§ Problem to solve: Copy verbatim the span of lines beginning at the line that contains "DUMP BOX - A01CL50AA (4964586458C010)" and ending with the final line of the data. Exclude pictures from the copy.

Material supplied below:

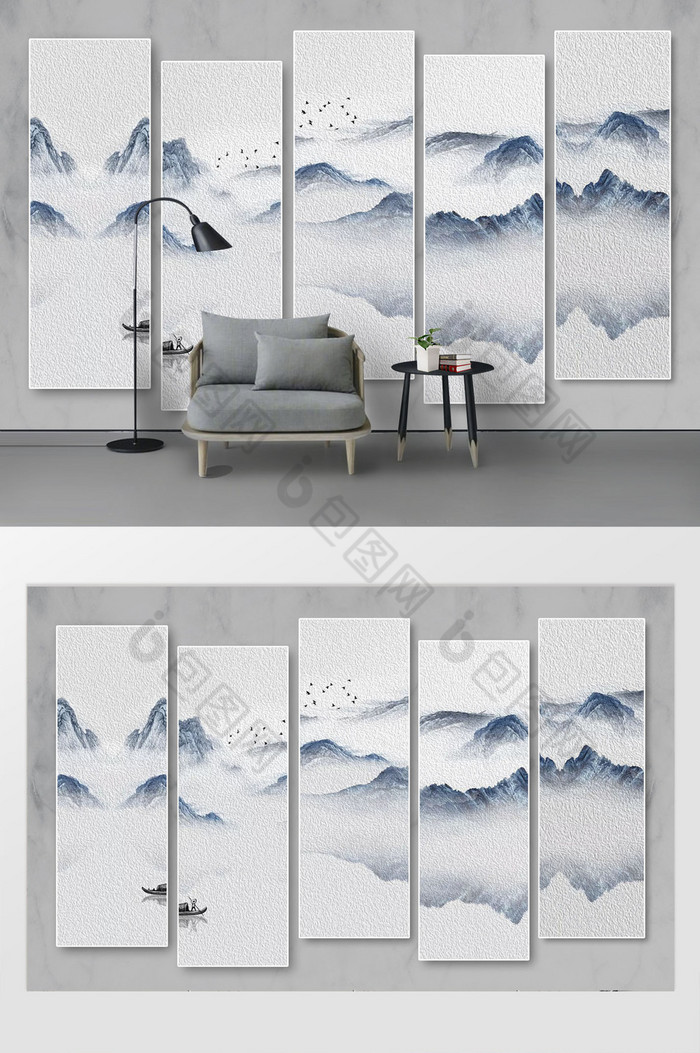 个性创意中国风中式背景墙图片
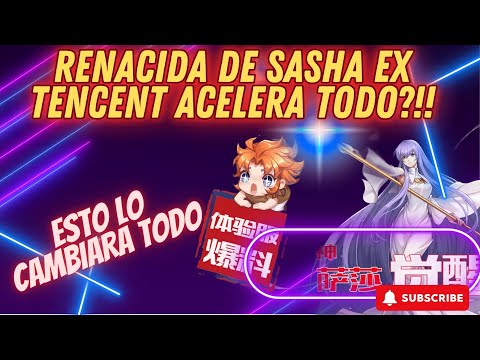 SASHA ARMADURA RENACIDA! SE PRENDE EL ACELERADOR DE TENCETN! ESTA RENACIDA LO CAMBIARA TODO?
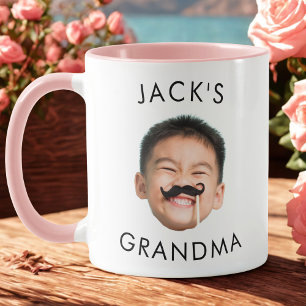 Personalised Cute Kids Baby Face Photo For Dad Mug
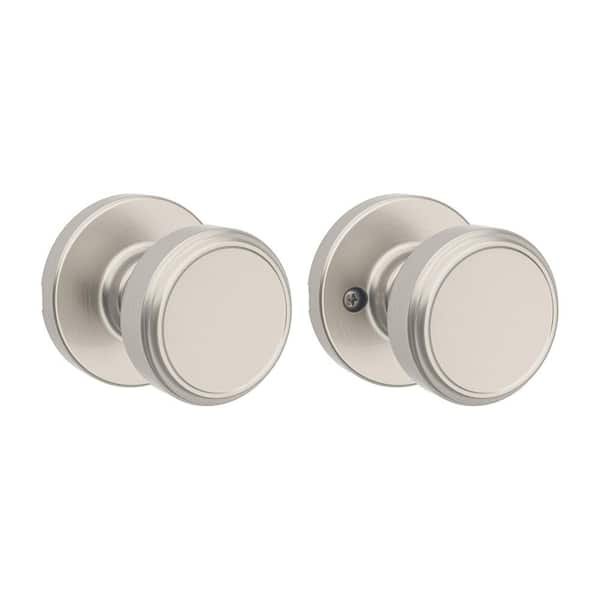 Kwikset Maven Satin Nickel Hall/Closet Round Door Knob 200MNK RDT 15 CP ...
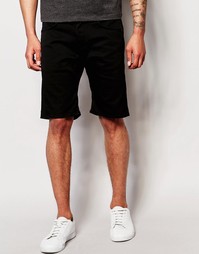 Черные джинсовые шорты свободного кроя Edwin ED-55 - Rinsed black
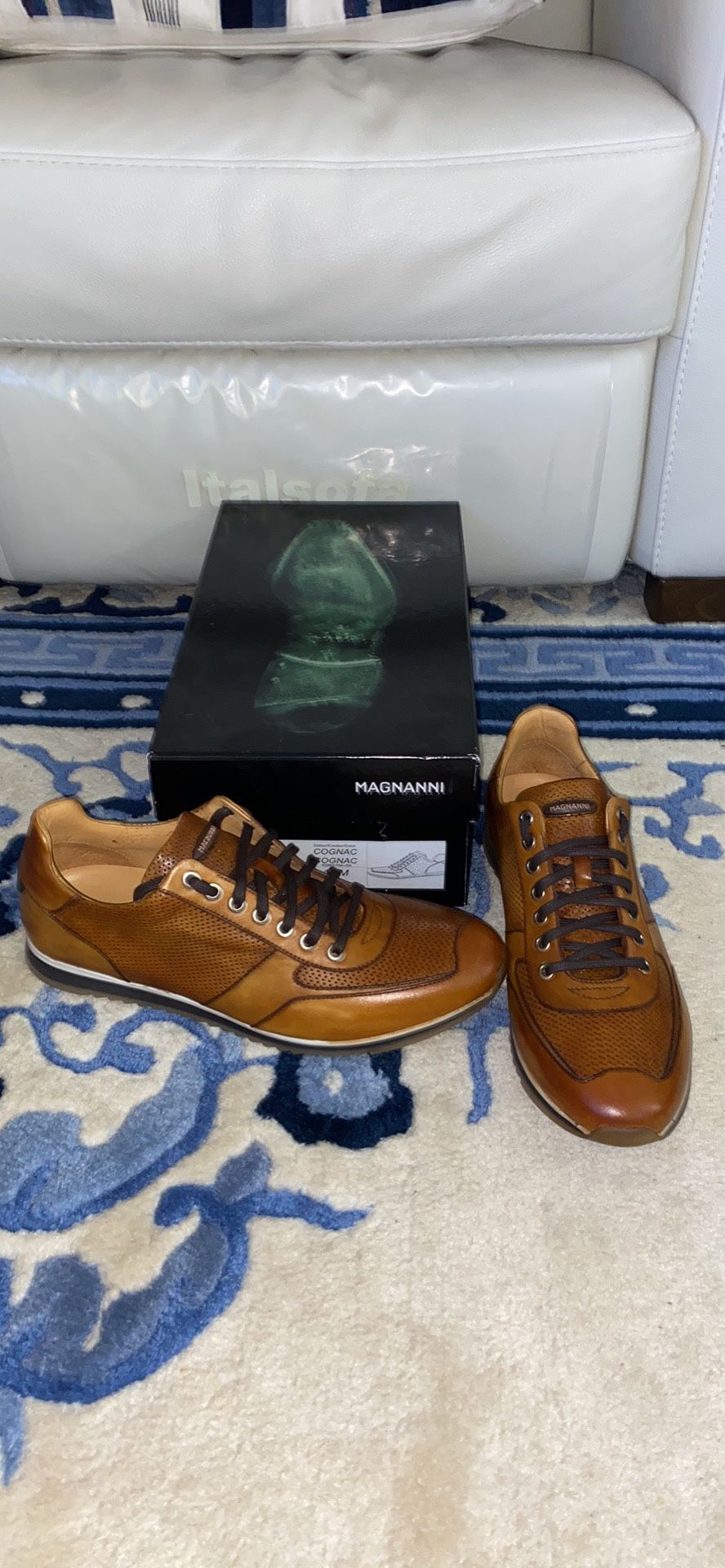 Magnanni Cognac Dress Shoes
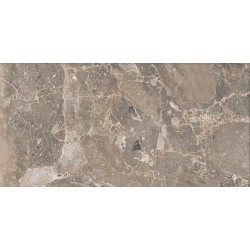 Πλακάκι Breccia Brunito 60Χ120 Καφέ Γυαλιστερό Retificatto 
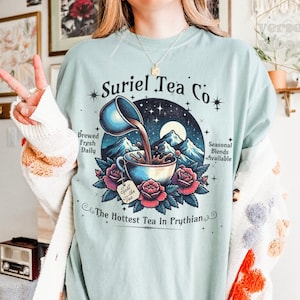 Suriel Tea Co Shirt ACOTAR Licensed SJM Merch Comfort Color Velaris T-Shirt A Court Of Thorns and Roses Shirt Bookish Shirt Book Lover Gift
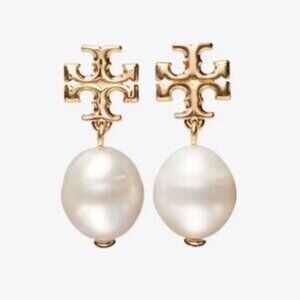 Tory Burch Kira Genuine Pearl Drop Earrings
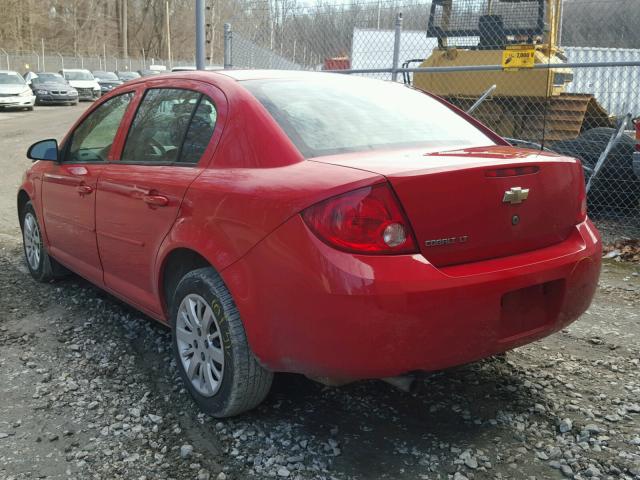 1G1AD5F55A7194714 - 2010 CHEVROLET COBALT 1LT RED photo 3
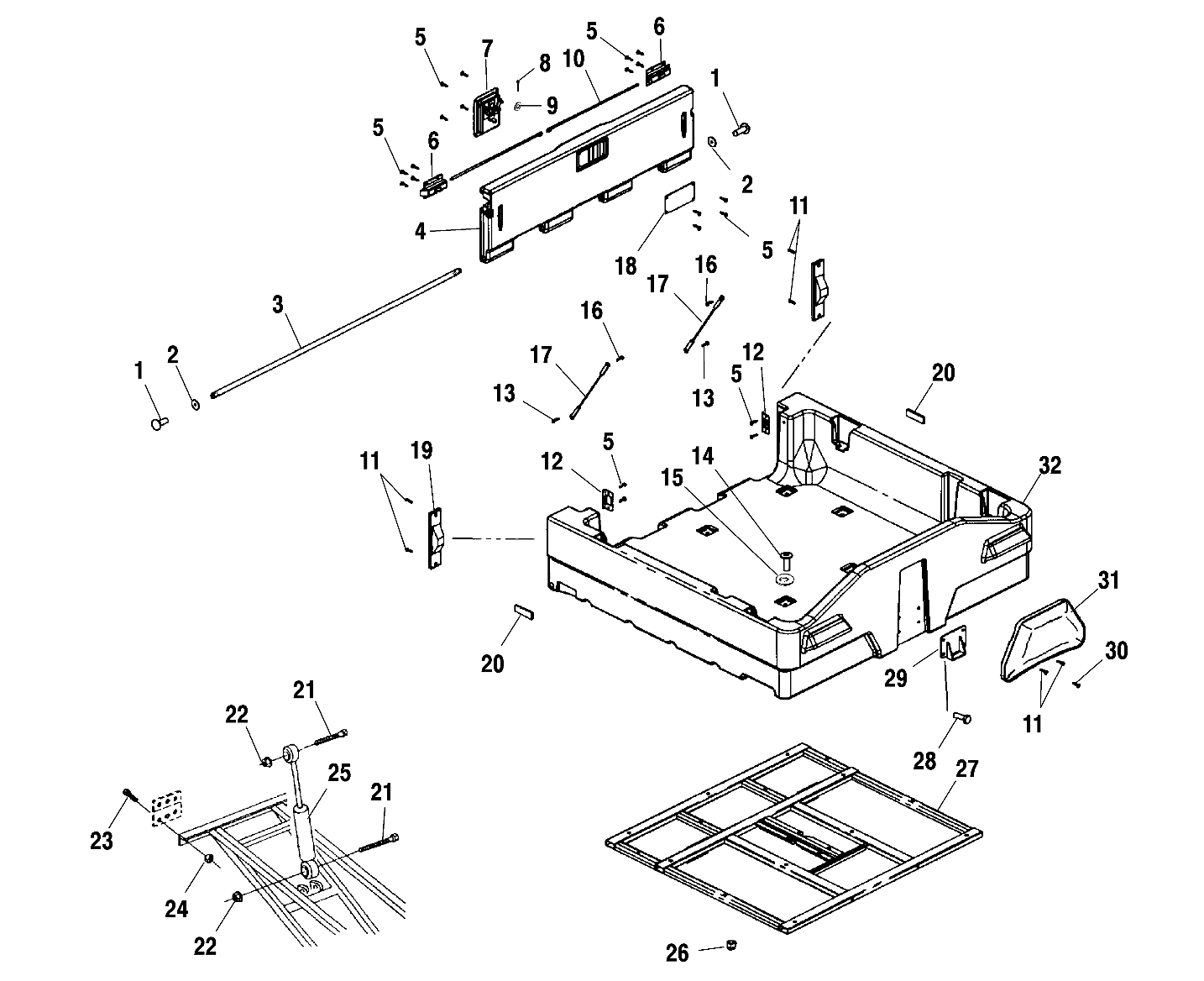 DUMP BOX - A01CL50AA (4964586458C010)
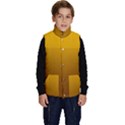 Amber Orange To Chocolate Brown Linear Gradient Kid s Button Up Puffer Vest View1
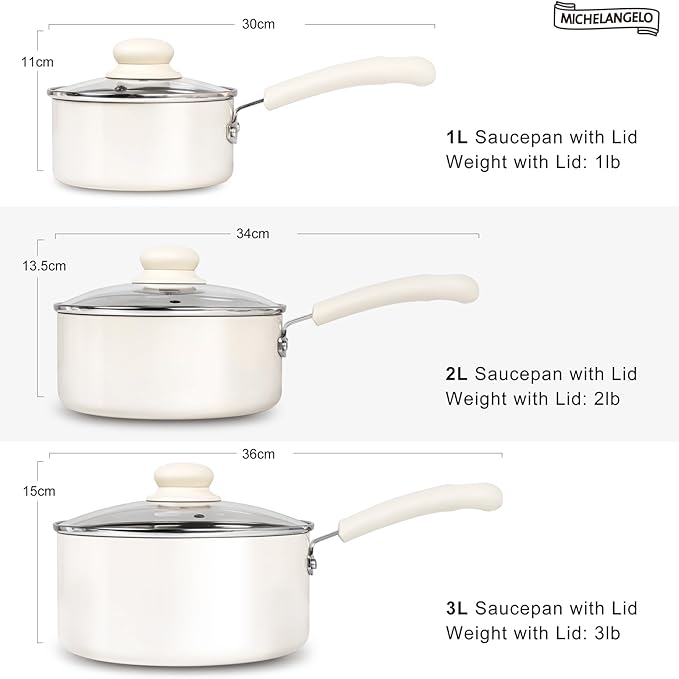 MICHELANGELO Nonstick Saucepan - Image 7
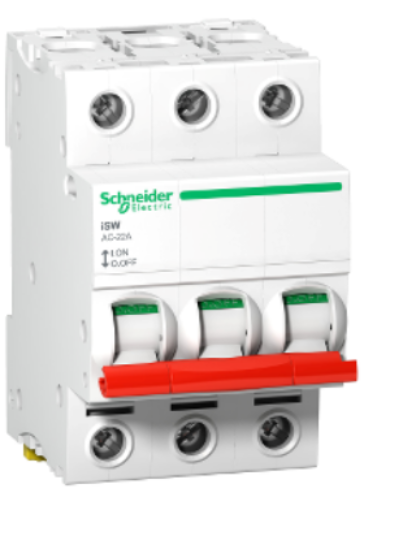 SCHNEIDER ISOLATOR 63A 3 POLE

End of Material supplied.

§ Answer below:
 DUMP BOX - A01CL50AA (4964586458C010)
 Amber Orange To Chocolate Brown Linear Gradient Kid s Button Up Puffer Vest View1
 MICHELANGELO Nonstick Saucepan - Image 7
 SCHNEIDER ISOLATOR 63A 3 POLE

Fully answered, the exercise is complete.